3.
Depuis vingt-cinq minutes, j’attends, fébrile, le texto de vingt et une heures. Z ne m’a pas écrit. Je suis lié. Que dis-je : ligoté, boulonné à lui. Mon attachement inconsidéré doit cesser. Si mon docteur m’a prescrit ce « Traité des passions », c’est justement parce que ma fascination pour Z vire à l’esclavage. Il est le dieu dont dépend ma joie. Dieu a le droit de vie et de mort sur ma bonne humeur. Je sais qu’il incarne pour mon imagination tout ce que je ne suis pas : une silhouette mieux bâtie, un garçon, pour ainsi dire insouciant, qui prend l’existence avec légèreté. Mais de là à délaisser toute joie, à perdre le goût de la vie…
Depuis une semaine, je n’en peux plus et j’ai donc commencé un sevrage. Je le vois moins, et, d’un commun accord, il m’abreuve de quelques textos, signes de vie, substituts d’une présence aliénante, méthadone pour l’âme. Le côtoyer me trouble, pourtant son absence me déchire. Ce qui m’aide, pour l’heure, c’est d’en faire mon maître en détachement. Mon aliénation sera le lieu de ma liberté, son terrain d’exercice. Nul besoin de chercher ailleurs un si constant appel à la pratique.

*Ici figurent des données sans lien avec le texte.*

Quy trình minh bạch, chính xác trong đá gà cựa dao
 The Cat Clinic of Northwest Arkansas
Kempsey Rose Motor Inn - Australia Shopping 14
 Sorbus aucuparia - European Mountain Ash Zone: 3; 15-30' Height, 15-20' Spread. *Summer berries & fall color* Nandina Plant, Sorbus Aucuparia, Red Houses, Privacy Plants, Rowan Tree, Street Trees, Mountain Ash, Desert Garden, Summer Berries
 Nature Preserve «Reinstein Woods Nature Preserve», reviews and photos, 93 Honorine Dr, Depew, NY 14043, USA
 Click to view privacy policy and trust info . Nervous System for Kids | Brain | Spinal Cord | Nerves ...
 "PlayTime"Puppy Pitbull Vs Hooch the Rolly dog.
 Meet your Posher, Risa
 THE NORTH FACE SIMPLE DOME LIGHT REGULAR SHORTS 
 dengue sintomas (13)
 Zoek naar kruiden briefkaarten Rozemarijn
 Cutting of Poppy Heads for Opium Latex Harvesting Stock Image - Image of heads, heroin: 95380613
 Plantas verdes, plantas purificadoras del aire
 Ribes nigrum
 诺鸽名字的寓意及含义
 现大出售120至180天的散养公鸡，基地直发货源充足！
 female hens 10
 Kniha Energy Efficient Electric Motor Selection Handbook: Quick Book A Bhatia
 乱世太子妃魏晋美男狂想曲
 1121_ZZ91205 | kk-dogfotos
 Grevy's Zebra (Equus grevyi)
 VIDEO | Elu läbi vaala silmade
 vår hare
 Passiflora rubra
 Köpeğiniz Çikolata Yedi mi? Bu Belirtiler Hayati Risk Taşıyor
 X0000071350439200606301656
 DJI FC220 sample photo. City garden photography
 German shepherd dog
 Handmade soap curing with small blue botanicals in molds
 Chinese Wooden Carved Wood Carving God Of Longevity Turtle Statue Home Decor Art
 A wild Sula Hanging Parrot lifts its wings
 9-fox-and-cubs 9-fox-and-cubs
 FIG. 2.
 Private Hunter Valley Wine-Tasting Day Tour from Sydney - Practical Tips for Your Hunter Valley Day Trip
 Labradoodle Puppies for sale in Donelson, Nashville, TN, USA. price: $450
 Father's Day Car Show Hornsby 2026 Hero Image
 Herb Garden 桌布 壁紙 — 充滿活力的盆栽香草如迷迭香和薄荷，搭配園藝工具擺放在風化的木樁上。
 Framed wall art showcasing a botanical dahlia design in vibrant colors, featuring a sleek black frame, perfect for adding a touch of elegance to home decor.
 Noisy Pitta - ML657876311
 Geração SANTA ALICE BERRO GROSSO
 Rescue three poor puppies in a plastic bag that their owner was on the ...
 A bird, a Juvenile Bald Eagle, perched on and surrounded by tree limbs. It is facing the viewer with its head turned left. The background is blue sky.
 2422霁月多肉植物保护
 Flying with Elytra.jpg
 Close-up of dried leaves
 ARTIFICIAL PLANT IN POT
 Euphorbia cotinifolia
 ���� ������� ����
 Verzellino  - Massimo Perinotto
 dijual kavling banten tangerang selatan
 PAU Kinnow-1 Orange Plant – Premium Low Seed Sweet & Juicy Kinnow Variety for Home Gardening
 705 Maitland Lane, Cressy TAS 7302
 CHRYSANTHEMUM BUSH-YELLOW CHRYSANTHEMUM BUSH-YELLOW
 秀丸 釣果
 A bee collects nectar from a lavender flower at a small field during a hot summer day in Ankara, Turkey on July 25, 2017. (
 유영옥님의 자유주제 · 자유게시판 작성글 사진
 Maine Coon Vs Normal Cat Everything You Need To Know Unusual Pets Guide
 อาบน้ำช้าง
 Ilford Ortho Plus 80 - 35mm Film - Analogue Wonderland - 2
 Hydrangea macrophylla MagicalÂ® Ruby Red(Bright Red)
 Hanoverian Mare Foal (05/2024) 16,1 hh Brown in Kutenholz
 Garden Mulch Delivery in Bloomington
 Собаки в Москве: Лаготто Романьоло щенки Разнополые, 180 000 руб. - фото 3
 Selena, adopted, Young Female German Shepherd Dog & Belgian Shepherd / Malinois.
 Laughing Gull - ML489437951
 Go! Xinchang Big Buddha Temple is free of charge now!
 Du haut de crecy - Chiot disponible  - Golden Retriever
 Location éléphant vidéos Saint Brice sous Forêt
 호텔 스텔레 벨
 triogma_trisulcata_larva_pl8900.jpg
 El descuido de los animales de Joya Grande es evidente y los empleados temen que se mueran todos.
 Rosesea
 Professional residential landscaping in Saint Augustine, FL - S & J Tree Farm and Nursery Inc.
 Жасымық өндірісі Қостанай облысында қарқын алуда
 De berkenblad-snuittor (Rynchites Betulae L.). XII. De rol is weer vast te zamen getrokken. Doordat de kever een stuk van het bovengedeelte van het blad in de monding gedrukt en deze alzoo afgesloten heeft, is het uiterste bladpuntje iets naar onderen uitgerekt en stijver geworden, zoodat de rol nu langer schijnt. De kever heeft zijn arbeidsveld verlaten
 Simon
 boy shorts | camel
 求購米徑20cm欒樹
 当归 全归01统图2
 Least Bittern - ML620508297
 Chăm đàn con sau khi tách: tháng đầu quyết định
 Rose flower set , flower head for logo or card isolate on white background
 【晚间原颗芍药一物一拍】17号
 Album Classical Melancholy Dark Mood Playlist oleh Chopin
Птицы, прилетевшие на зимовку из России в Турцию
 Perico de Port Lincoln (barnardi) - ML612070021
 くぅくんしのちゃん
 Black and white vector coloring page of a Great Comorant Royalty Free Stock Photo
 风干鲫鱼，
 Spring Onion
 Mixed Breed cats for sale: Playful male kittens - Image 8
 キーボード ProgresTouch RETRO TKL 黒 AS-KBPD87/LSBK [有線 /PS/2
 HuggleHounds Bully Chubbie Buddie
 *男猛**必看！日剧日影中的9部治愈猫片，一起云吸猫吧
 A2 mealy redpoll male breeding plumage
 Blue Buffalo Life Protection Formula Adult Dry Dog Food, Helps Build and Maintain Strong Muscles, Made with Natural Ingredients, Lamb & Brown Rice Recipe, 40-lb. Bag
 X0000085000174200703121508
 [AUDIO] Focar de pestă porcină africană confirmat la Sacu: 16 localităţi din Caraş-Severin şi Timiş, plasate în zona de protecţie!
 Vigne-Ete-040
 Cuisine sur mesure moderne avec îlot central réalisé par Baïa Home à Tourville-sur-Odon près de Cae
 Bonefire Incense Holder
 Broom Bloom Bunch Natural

Banalement, je suis obsédé. Oui, c’est bien le mot ! Jamais je n’ai mieux perçu l’étymologie de ce terme : être assiégé. Un bruit de fond, en somme. Jour et nuit, l’absence de Z me harcèle. Je m’endors en pensant à lui, je me réveille avec lui et le premier geste du matin me précipite sur mon portable pour voir si Dieu m’a écrit. Aujourd’hui, je tenterai le chemin inverse de l’apothéose et détrônerai Dieu, le ramènerai sur terre sans le haïr. Y arriverai-je ? D’abord, fermement, je le redis, je veux le considérer comme mon maître en détachement. C’est d’ailleurs son nom, dans le répertoire de mon téléphone. Ses messages, ses appels, sont annoncés par ce titre. Me voilà sans cesse convié à la libération ! Il me plaît de transformer les obstacles ou les difficultés en occasions de progrès et d’envisager Z comme un maître intransigeant qui me pousse à la liberté. De même, dans la tradition zen, on offre sa totale confiance au maître. Il peut tout exiger du disciple. Aussi, je me départis un peu de ma volonté qui désirerait le voir tout le temps, pour lui laisser le soin de me dire quand il souhaite me rencontrer. Ce qui ressemble à de la soumission vient ici me libérer de mes propres désirs tyranniques. Dans mes épreuves, j’ai de la chance, car je sais que je peux faire confiance à Z. Il veut mon bien, peut-être plus que moi, d’ailleurs. En pleine obsession, j’oublierais le goût de la liberté.